#### Task prompt
Return only the stretch of the material below that begins with the line containing "Jepang dan Belanda Mengajarkan Ketangguhan" and ends with the line containing "Monogram Pochette Cite", exactly; both of those lines belong to it.

#### Recorded information
▶

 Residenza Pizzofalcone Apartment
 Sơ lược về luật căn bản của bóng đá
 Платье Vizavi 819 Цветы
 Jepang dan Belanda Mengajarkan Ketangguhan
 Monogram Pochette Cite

◀
▶

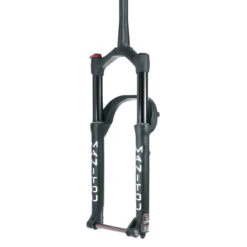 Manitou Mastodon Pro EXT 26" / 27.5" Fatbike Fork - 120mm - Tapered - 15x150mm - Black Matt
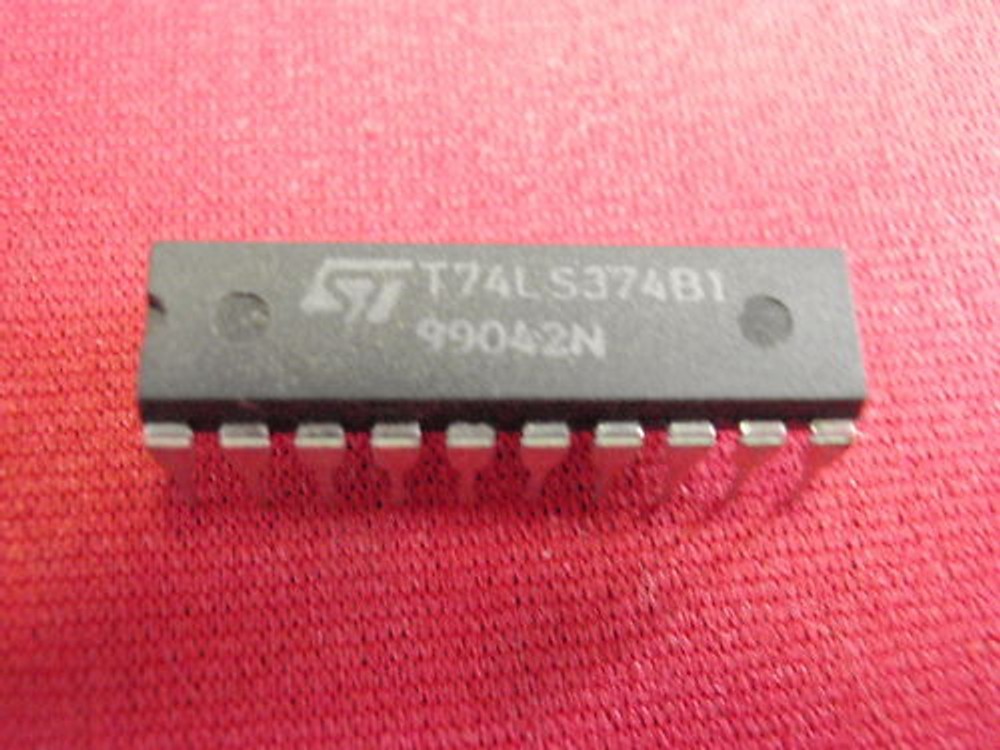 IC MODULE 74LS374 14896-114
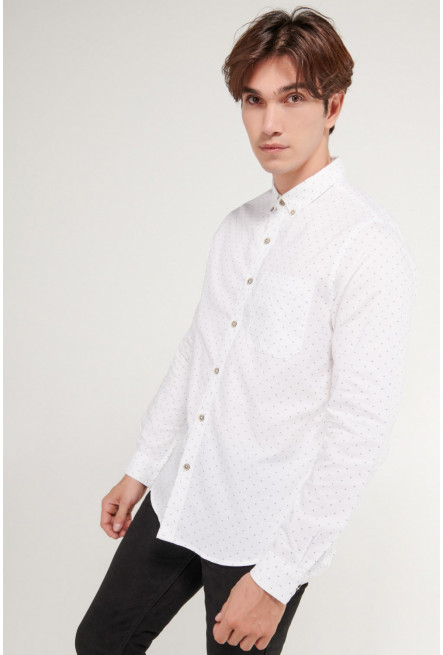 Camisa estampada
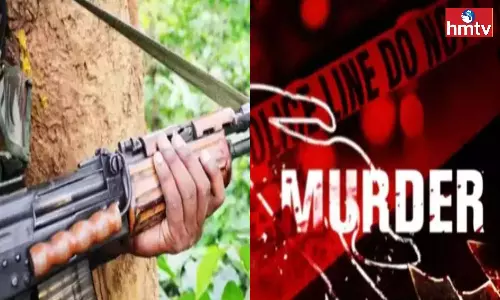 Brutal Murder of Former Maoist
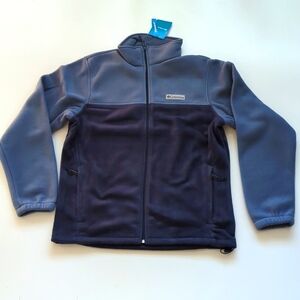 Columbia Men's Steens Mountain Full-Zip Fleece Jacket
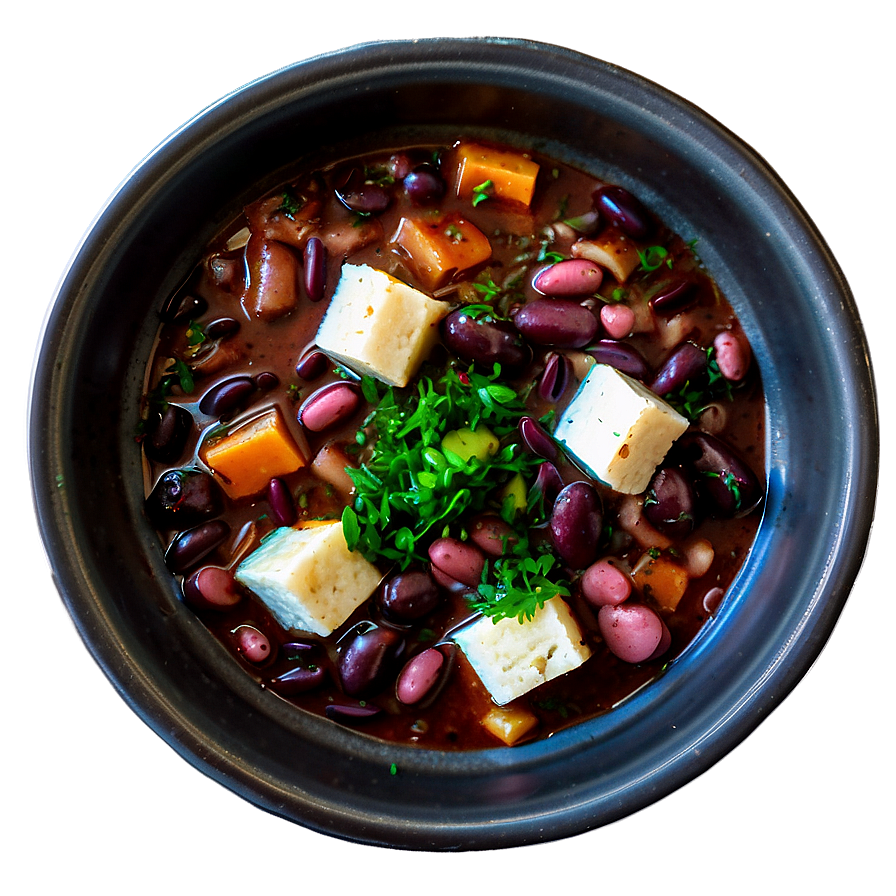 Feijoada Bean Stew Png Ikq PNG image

◀

#### Answer for the task
 Jepang dan Belanda Mengajarkan Ketangguhan
 Monogram Pochette Cite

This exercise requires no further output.